Norwegian singer finds light in dark places in much-anticipated debut
This month saw the much anticipated release of 19-year- old Norwegian singer Aurora’s debut album. With the success of several releases last year, such as “Running With The Wolves,” and a quickly growing fan base, the silver- haired Aurora has already gained many expectations about where she could go with a full length album. While many of Aurora’s earlier- released songs do make an appearance on “All My Demons Greeting Me As A Friend”, listeners are also given a look into the darker side of her music, as this album showcases powerfully insightful themes that are both morbid and hopeful.
The album opens with “Runaway”, a song that exhibits Aurora’s tendency to shape the melodic structures of her songs around her lyrics. “Runaway” moves forward swiftly, guided by Aurora’s emotive voice and occasional small bits of percussive instrumentation. With complex lyrics such as “And I keep running / For a soft place to fall” and vivid lines like “I saw a piece of heaven / Waiting impatiently for me”, the simple theme of trying to return home in “Runaway” is not rudimentary in the slightest.
Moving on to the second track, “Conqueror” is about searching for self-empowerment set against a more commercial sounding, anthemic backdrop. With the hook “I’ve been looking for a conqueror / But you don’t seem to come my way” creating a tastefully catchy chorus, “Conqueror” again shines the spotlight heavily on Aurora’s pristine voice, with a multitude of percussive instrumentation including tambourines, shakers and a bold drum beat. “Running With The Wolves” will no doubt remind listeners of mystical winter winds which comes from the juxtaposition of the thumping drum and the terse, plucky electric guitar that the track opens to
Aurora’s lilting voice, which swirls and bends around lyrics such as “My heart still beats and my skin still feels / My lungs still breathe, my mind still fears.”
“Lucky” opens with the faint sounds of a solemn organ in the background and the thumping of a drum similar to that of a heartbeat.
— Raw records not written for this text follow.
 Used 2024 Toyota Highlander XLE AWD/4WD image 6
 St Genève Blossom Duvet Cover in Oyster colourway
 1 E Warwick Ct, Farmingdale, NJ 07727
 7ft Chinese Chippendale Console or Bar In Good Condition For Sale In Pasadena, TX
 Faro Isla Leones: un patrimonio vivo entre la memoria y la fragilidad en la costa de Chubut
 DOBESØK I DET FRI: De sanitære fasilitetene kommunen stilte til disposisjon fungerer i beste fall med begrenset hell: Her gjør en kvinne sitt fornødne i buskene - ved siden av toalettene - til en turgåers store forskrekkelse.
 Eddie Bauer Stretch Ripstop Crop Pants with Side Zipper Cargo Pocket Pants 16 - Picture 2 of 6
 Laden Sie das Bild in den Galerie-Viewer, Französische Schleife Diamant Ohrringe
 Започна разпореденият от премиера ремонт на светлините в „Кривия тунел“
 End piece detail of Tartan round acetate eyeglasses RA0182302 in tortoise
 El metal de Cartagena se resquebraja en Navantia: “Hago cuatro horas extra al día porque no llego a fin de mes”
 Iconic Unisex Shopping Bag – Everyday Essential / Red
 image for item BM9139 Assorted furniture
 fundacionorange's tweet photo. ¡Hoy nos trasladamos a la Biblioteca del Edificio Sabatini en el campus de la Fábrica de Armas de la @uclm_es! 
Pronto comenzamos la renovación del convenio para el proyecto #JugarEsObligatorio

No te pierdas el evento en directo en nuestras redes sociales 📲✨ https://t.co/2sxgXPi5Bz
It sounds like an ode to death until the chorus breaks in, contrasting with the darker themes in the song and lifting the song up out of the darkness, thoughtfully creating a contrast between the despairs of the world and the simple beauty of being alive. “Winter Bird” is similar thematically to “Lucky,” as it surrounds serendipitous themes of being alive despite the more sorrowful moments in life. To demonstrate this theme, Aurora uses her skillful songwriting to paint pictures connecting listeners to nature, with lyrics like “Feel it as the wind strokes my skin” and “Lay me by the frozen river / where the bones have passed me by” giving the song a dark, folksy sound.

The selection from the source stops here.